Problem to work on
Write out, word for word, every line in the data below from the one containing "Winter Park Condo 926516" to the one containing "Shark Spartan GT", both of them included.

┄┄┄┄┄┄┄┄┄┄┄┄┄┄┄┄┄┄┄┄

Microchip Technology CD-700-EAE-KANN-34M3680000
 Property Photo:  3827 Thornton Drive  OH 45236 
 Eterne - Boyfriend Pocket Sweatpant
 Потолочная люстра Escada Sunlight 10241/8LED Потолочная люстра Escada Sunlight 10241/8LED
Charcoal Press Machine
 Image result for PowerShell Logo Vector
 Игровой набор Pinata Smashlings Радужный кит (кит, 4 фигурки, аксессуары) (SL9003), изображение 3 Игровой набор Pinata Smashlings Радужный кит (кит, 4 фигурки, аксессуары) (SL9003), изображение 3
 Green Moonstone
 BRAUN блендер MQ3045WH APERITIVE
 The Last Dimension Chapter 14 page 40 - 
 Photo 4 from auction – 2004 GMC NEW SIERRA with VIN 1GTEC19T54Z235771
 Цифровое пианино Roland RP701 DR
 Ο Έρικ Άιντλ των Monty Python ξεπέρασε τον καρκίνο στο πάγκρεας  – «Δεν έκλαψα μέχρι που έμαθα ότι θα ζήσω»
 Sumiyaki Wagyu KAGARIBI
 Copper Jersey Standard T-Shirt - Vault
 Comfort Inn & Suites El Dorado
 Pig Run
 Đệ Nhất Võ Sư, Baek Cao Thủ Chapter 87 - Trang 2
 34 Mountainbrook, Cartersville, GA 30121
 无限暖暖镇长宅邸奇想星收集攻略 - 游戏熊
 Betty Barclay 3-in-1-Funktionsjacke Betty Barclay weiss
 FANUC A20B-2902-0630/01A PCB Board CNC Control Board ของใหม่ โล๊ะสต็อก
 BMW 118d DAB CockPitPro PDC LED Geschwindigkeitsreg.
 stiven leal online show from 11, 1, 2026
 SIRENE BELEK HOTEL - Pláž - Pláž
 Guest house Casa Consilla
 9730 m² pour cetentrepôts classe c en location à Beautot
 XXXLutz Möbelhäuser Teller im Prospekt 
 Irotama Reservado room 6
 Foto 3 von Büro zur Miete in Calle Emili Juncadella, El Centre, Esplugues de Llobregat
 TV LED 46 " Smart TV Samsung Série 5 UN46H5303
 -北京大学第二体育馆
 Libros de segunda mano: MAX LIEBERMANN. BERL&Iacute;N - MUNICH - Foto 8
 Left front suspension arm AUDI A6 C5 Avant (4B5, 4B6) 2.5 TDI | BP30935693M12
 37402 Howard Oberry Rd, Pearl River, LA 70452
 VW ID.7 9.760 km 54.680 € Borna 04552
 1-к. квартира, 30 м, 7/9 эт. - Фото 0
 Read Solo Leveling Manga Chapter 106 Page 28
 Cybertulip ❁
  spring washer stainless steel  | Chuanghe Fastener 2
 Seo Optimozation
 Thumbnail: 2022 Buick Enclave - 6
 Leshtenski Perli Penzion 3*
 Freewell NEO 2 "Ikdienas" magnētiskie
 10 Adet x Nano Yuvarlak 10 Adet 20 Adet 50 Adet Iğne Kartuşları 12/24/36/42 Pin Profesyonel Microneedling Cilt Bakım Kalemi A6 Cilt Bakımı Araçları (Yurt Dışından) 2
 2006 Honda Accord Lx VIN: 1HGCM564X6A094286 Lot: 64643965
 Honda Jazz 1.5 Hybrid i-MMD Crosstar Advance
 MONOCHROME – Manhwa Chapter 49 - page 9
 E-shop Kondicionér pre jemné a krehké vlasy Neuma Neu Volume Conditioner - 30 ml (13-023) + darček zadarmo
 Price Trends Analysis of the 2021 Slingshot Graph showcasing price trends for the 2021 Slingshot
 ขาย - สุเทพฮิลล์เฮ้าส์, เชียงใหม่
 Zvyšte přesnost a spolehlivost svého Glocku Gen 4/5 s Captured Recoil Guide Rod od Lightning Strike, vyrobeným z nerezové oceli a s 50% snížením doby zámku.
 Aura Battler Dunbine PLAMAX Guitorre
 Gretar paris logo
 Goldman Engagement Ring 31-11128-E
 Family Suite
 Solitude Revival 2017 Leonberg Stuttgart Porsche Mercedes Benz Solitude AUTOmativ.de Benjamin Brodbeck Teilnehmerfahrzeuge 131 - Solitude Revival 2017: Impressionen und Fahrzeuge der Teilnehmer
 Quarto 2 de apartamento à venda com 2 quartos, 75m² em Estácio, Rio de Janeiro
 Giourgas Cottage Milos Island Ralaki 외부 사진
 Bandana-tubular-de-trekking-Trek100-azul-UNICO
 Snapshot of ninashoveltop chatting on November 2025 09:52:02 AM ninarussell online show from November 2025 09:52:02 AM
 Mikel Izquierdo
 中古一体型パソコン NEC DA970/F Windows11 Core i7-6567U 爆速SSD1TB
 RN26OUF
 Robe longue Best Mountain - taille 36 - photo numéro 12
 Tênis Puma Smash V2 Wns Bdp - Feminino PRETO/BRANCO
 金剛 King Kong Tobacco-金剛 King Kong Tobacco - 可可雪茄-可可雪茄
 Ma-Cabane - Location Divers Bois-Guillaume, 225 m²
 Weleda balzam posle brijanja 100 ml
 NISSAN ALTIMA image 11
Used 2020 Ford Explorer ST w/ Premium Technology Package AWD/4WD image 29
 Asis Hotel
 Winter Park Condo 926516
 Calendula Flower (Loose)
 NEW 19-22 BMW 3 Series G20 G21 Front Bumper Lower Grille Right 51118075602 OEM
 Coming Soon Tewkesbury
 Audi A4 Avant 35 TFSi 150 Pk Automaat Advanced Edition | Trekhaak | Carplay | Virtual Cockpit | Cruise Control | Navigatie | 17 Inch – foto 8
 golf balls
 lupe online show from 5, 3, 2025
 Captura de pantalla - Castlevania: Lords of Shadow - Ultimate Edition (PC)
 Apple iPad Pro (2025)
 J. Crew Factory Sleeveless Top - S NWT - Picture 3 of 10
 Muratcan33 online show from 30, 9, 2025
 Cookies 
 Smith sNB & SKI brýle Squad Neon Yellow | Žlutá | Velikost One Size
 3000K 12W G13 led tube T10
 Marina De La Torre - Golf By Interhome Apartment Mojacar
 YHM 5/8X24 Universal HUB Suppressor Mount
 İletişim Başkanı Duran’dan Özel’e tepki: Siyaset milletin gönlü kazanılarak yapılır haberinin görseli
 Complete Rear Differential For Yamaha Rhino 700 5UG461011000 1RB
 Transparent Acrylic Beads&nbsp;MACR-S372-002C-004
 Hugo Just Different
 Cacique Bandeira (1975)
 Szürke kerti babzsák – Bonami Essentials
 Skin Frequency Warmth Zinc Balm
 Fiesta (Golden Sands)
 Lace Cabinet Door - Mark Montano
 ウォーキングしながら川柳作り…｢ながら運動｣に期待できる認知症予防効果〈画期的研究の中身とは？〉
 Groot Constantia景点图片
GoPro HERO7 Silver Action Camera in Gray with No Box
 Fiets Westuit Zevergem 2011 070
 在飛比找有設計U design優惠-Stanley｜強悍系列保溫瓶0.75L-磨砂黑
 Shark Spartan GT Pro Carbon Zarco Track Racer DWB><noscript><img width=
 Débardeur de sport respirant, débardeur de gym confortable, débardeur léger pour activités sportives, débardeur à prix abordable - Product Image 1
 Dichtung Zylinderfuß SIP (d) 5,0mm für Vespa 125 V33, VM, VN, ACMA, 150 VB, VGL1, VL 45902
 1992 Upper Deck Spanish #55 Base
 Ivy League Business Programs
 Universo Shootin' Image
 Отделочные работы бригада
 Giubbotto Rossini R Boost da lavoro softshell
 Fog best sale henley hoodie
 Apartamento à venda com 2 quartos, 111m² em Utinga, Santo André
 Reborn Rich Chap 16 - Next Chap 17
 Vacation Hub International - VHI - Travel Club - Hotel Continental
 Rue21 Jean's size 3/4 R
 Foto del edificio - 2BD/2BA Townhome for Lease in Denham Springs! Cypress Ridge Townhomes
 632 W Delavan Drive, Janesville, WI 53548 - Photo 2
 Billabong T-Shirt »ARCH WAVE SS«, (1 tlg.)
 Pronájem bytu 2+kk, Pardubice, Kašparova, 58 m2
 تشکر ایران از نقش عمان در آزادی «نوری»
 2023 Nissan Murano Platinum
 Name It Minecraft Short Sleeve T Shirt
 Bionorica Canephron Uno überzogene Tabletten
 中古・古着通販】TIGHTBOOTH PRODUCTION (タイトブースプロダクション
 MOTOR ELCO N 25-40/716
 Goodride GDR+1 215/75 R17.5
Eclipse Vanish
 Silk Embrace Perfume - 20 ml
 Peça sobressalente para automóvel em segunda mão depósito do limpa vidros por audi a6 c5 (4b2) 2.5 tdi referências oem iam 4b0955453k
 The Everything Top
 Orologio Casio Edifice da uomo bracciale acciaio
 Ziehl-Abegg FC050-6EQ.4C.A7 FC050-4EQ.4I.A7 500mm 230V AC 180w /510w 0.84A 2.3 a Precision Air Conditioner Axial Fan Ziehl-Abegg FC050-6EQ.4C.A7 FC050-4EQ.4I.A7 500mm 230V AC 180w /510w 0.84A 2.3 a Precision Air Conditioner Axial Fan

┄┄┄┄┄┄┄┄┄┄┄┄┄┄┄┄┄┄┄┄

Response to the exercise
 Winter Park Condo 926516
 Calendula Flower (Loose)
 NEW 19-22 BMW 3 Series G20 G21 Front Bumper Lower Grille Right 51118075602 OEM
 Coming Soon Tewkesbury
 Audi A4 Avant 35 TFSi 150 Pk Automaat Advanced Edition | Trekhaak | Carplay | Virtual Cockpit | Cruise Control | Navigatie | 17 Inch – foto 8
 golf balls
 lupe online show from 5, 3, 2025
 Captura de pantalla - Castlevania: Lords of Shadow - Ultimate Edition (PC)
 Apple iPad Pro (2025)
 J. Crew Factory Sleeveless Top - S NWT - Picture 3 of 10
 Muratcan33 online show from 30, 9, 2025
 Cookies 
 Smith sNB & SKI brýle Squad Neon Yellow | Žlutá | Velikost One Size
 3000K 12W G13 led tube T10
 Marina De La Torre - Golf By Interhome Apartment Mojacar
 YHM 5/8X24 Universal HUB Suppressor Mount
 İletişim Başkanı Duran’dan Özel’e tepki: Siyaset milletin gönlü kazanılarak yapılır haberinin görseli
 Complete Rear Differential For Yamaha Rhino 700 5UG461011000 1RB
 Transparent Acrylic Beads&nbsp;MACR-S372-002C-004
 Hugo Just Different
 Cacique Bandeira (1975)
 Szürke kerti babzsák – Bonami Essentials
 Skin Frequency Warmth Zinc Balm
 Fiesta (Golden Sands)
 Lace Cabinet Door - Mark Montano
 ウォーキングしながら川柳作り…｢ながら運動｣に期待できる認知症予防効果〈画期的研究の中身とは？〉
 Groot Constantia景点图片
GoPro HERO7 Silver Action Camera in Gray with No Box
 Fiets Westuit Zevergem 2011 070
 在飛比找有設計U design優惠-Stanley｜強悍系列保溫瓶0.75L-磨砂黑
 Shark Spartan GT Pro Carbon Zarco Track Racer DWB><noscript><img width=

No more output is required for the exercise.